YOUR OBJECTIVE
Look for the word "Minecraft" in the entries and copy every line where it shows up.

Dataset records
··········
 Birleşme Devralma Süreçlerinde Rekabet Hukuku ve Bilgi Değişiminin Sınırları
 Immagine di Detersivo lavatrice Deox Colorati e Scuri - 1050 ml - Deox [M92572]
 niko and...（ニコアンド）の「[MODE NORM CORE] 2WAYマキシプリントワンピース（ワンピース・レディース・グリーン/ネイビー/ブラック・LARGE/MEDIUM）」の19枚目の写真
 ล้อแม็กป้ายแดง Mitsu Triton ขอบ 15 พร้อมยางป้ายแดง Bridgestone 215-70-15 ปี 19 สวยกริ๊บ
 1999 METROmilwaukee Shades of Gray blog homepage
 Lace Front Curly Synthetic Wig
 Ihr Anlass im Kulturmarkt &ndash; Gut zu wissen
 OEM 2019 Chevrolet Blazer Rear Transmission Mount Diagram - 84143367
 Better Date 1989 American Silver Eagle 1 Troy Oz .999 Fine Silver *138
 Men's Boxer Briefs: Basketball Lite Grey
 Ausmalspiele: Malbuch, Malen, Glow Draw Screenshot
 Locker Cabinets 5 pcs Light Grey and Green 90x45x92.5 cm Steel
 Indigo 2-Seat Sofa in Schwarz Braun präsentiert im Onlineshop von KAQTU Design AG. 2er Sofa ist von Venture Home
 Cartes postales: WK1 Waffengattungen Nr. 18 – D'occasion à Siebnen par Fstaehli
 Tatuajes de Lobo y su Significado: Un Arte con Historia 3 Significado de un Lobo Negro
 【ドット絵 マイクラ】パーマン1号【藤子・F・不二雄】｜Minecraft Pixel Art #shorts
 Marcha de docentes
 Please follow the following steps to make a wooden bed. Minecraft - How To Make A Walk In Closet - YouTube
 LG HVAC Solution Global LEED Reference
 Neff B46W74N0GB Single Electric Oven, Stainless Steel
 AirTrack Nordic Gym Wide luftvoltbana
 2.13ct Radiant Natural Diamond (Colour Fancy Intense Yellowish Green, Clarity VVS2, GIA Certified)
··········
RESPONSE
 【ドット絵 マイクラ】パーマン1号【藤子・F・不二雄】｜Minecraft Pixel Art #shorts
 Please follow the following steps to make a wooden bed. Minecraft - How To Make A Walk In Closet - YouTube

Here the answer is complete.